03 June 2008

Cuts and the City: Fabbed away

Regardless, the Sex and the City Movie deserves a fuckin’ A, if at least for letting the still-craving fans hear once again Carrie’s jokes, Miranda’s convictions, Charlotte’s hopes, Samantha’s moans and the now-classic SATC music theme. Not to mention, basking again in the trademark portrayals of Sarah Jessica Parker, Cynthia Nixon, Kim Cattrall and Kristin Davis as New Yorkers—women—happily wrestling life and love. It’s like coming home from a surprise lunch with your boss and his museum-lover wife. Ah-ma-a-a-a-zing wedding and New Year’s Eve scenes! More than any forecasted blockbuster ratings, the movie adaptation is one nostalgic, fabulously grand gift for loyalists of the phenomenal HBO series that ended four years ago.
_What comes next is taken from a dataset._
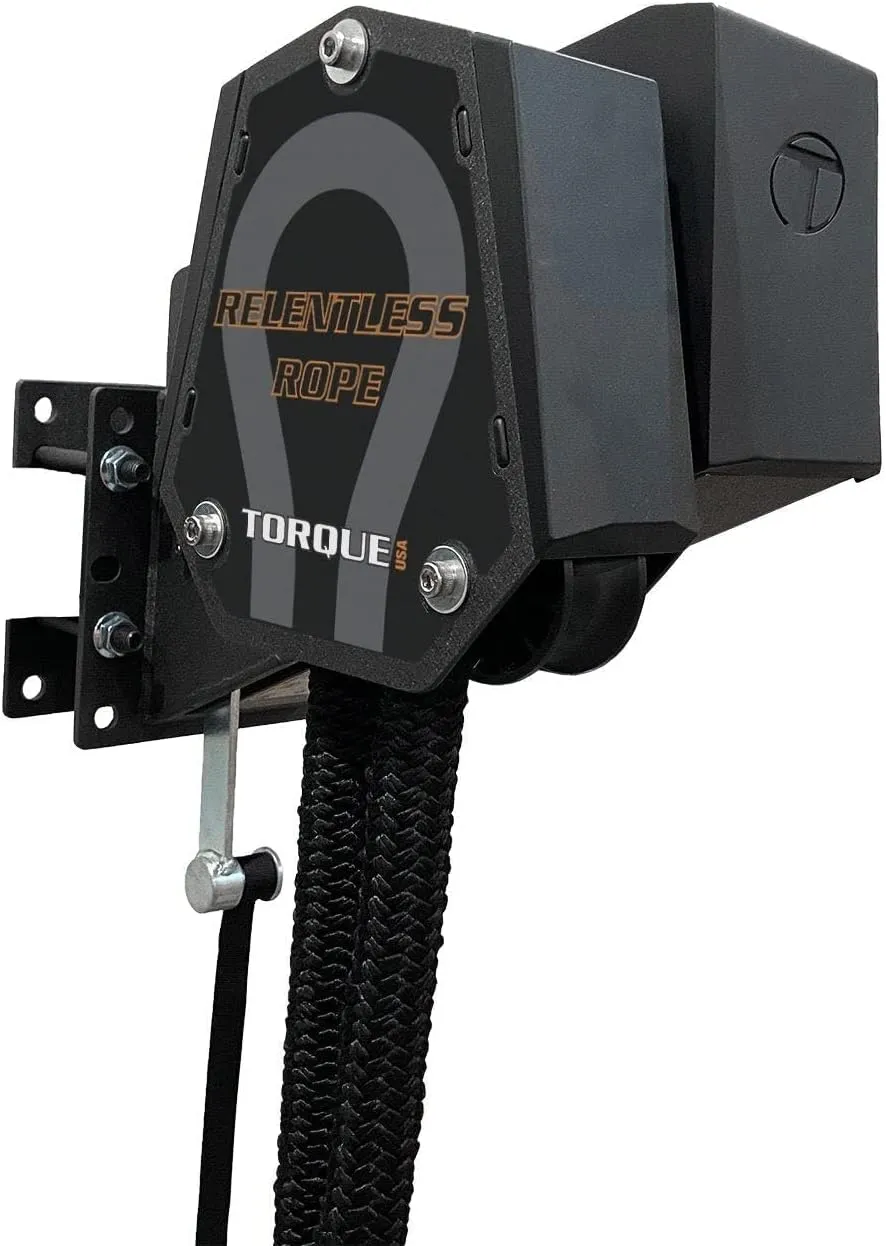 Torque Fitness Relentless Rope Trainer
Which was, a bit unfortunately, scarily obvious in the reels. Not too idiotic not to ask, but can people really age that much in four years? The girls are forever lovable, but if not for the Speed Racer-ly taste in set design—hi there, theeeese are colors—and mouth-watering pocket-humbling clothes, one could mistake it for "Desperate Grannies The Movie".
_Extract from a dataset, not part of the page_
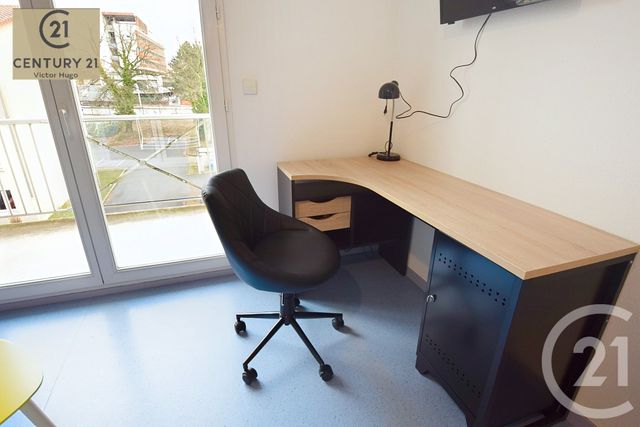 Appartement F1 à vendre - 1 pièce - 25.78 m2 - LIMOGES - 87 - LIMOUSIN - Century 21 Victor Hugo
Oh did I say mouth-watering clothes? I meant mouth-watering pocket-humbling, extravagantly beautiful, delectably gorgeous, I-am-so-inspired-please-throw-Hannah-Montana-to-a-wall shit definitive of what Sex and the City is all about: fashion, love life, and sex. Even the “ladies” Stanford Blatch (Willie Garson) and Anthony Marantino (Mario Cantone) looked expensively cute in the wedding scenes. So the fashion was there, and the sex in MTRCB’s undersea-volcano vaults. Re-read about the idiocy. That leaves us with SATC’s ulti-meat: the fab four’s lives as stuck-in-relationships women.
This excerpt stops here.